To do
Beginning at the line that mentions "Gold&roses COLLAR SKYLINE", retype the rest of the records below exactly. Pictures are not part of the copy.

Data extracts
#####
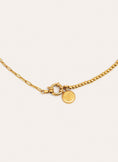 Chic Pebbles Stainless Steel Gold Necklace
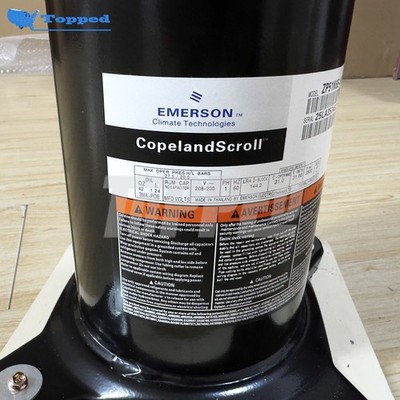 New Scroll Compressor 208-230V 1PH 4-4.9 Tons R410A for Copeland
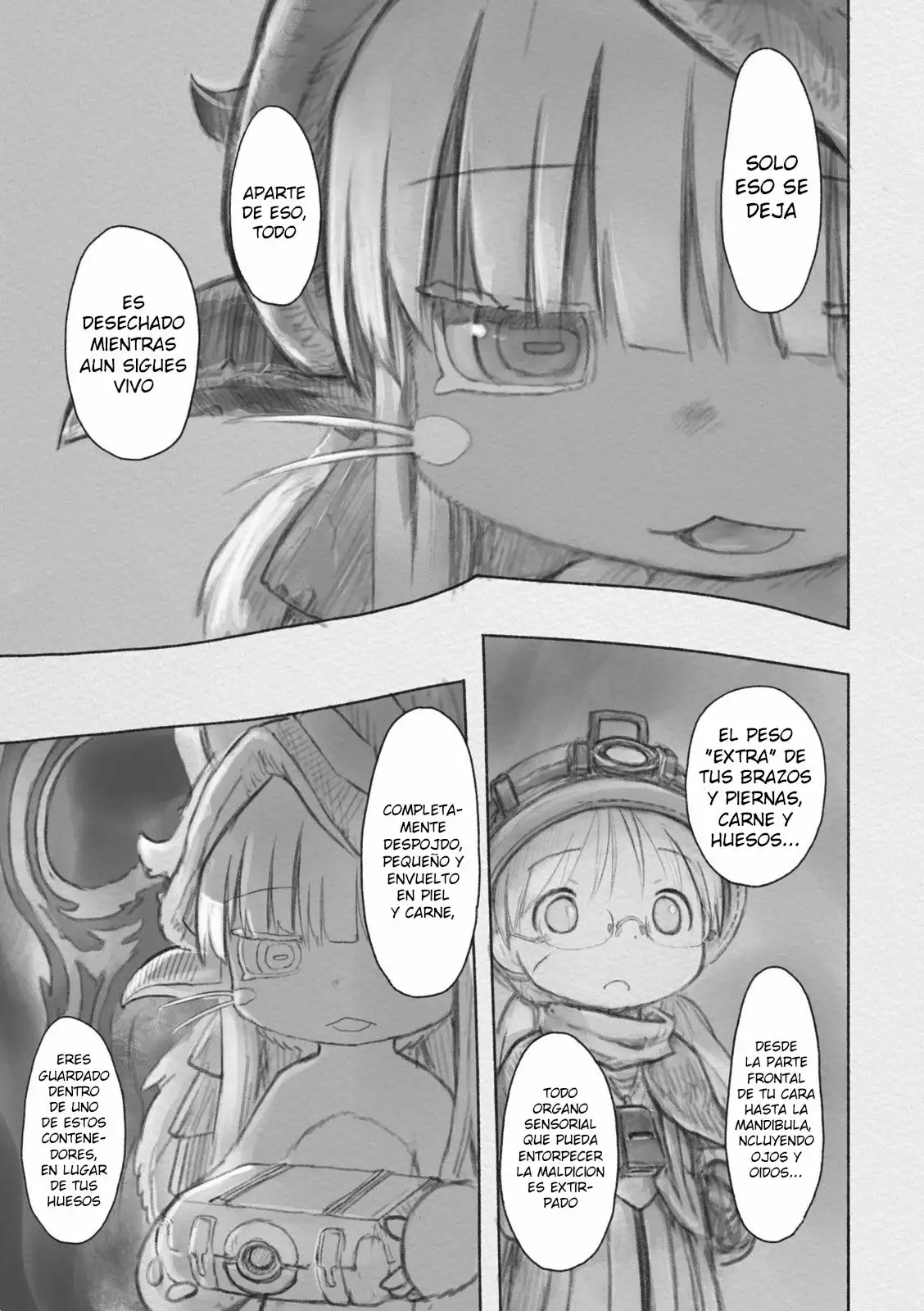 Read Made in Abyss ES Manga Online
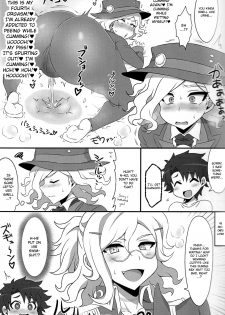 (Dai 24-ji ROOT4to5) [Budoutou (Budou)] Mabuta o Tojiyo! | Close Your Eyes! (Fate/Grand Order) [English] [MintVoid] - page 12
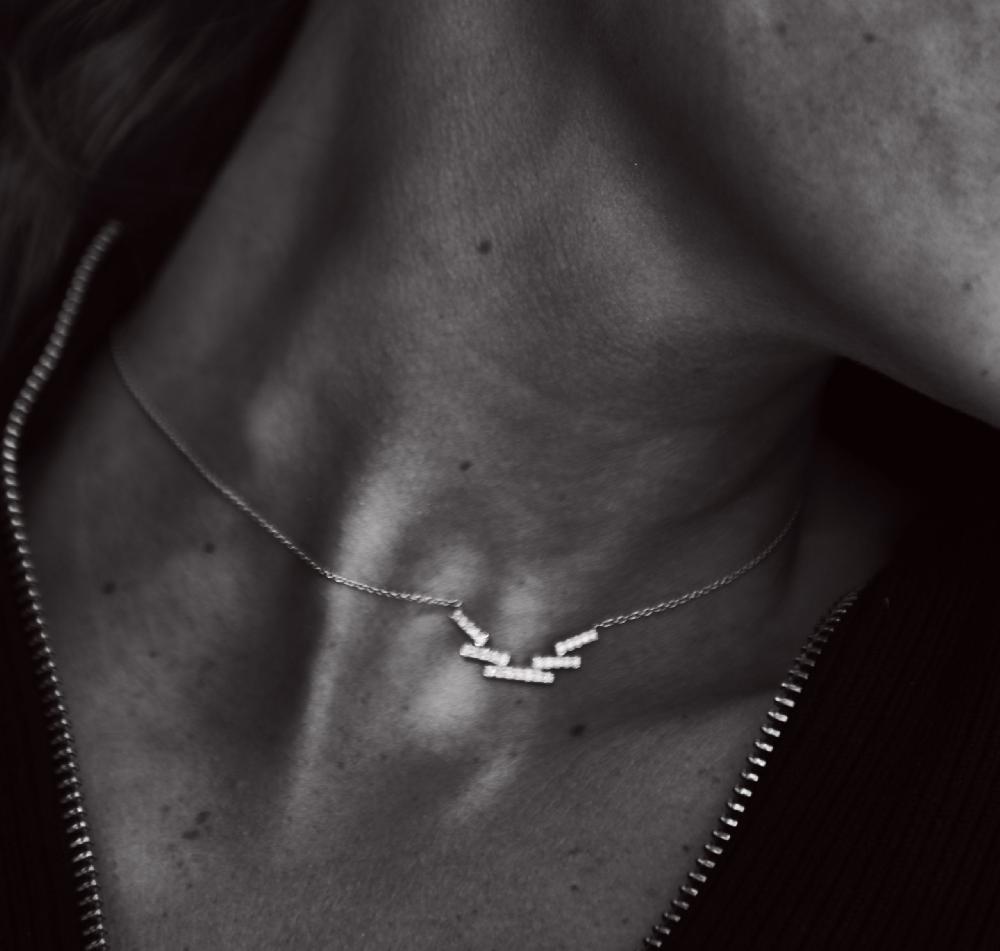 Gold&roses COLLAR SKYLINE WINGS Ofertas especiales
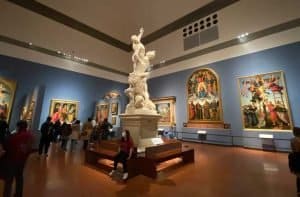 What to see in Accademia Gallery in Florence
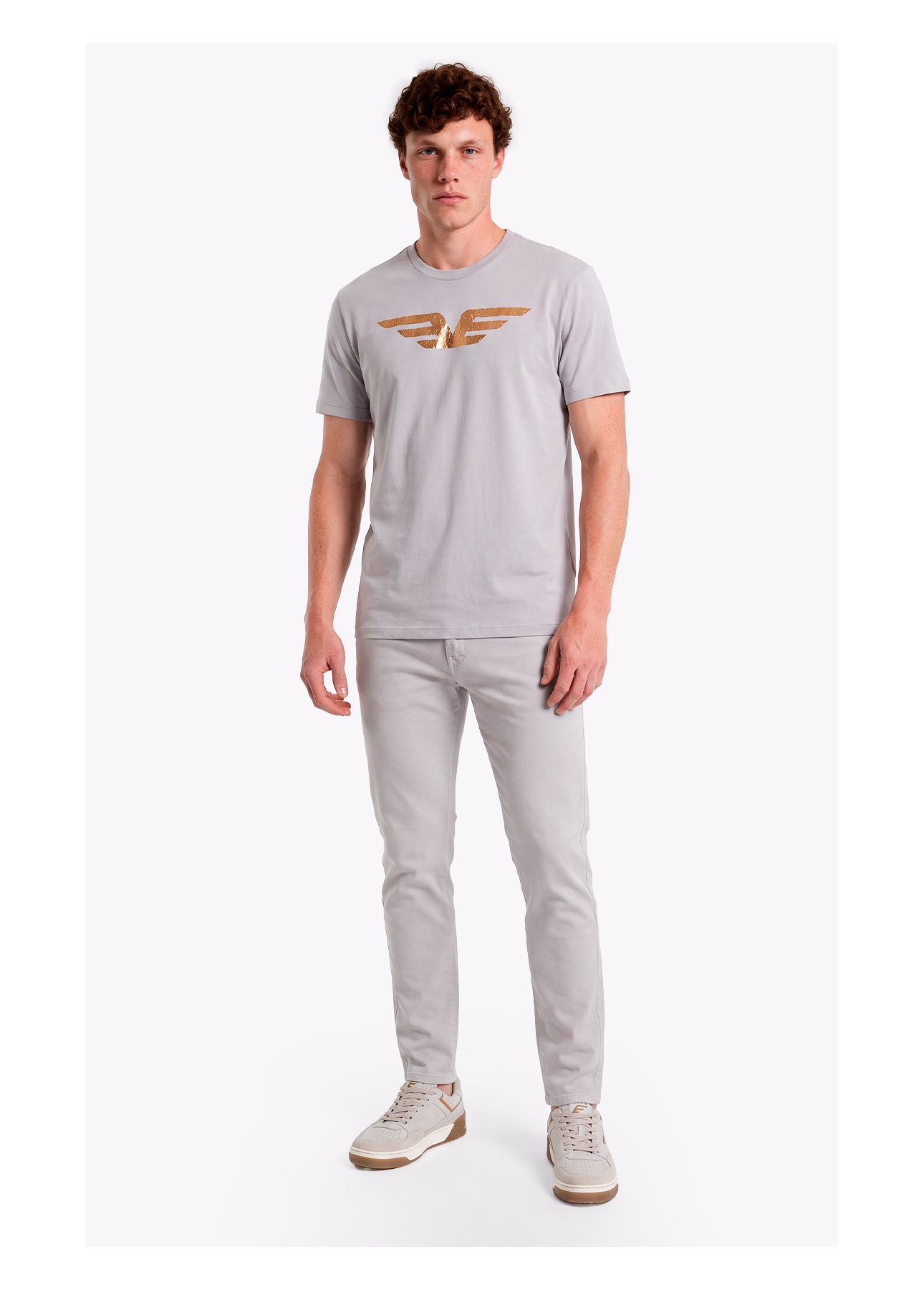 T-Shirt Easa Classic Prata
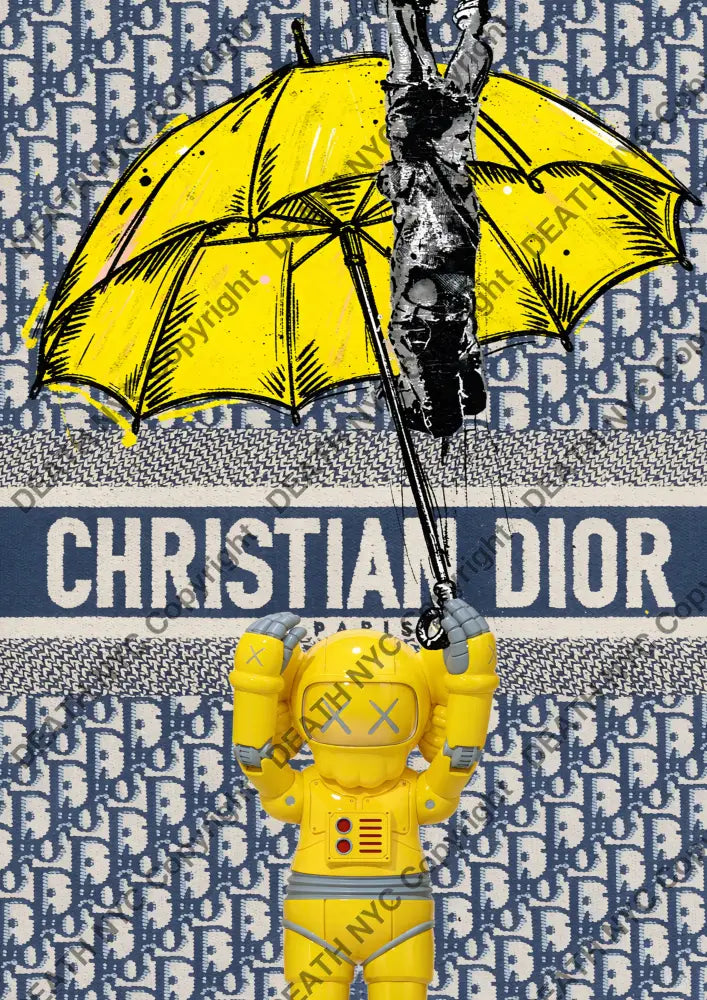 Auction ’DC656 x’ art print 45x32cm (Edition of 100) - Art Print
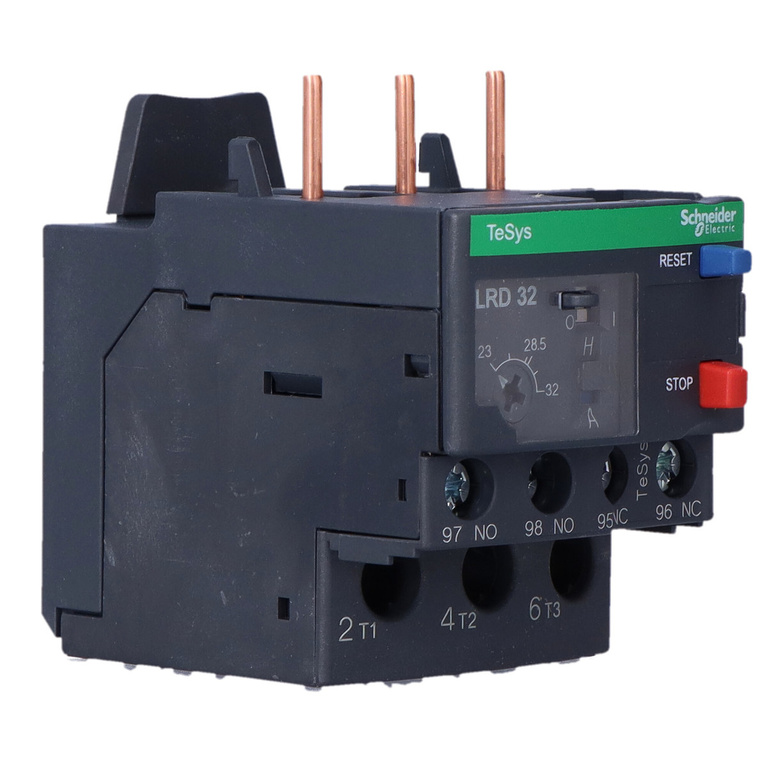 Thermal overload relay 23-32A, for contactor D32-D38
#####
Your response
 Gold&roses COLLAR SKYLINE WINGS Ofertas especiales
 What to see in Accademia Gallery in Florence
 T-Shirt Easa Classic Prata
 Auction ’DC656 x’ art print 45x32cm (Edition of 100) - Art Print
 Thermal overload relay 23-32A, for contactor D32-D38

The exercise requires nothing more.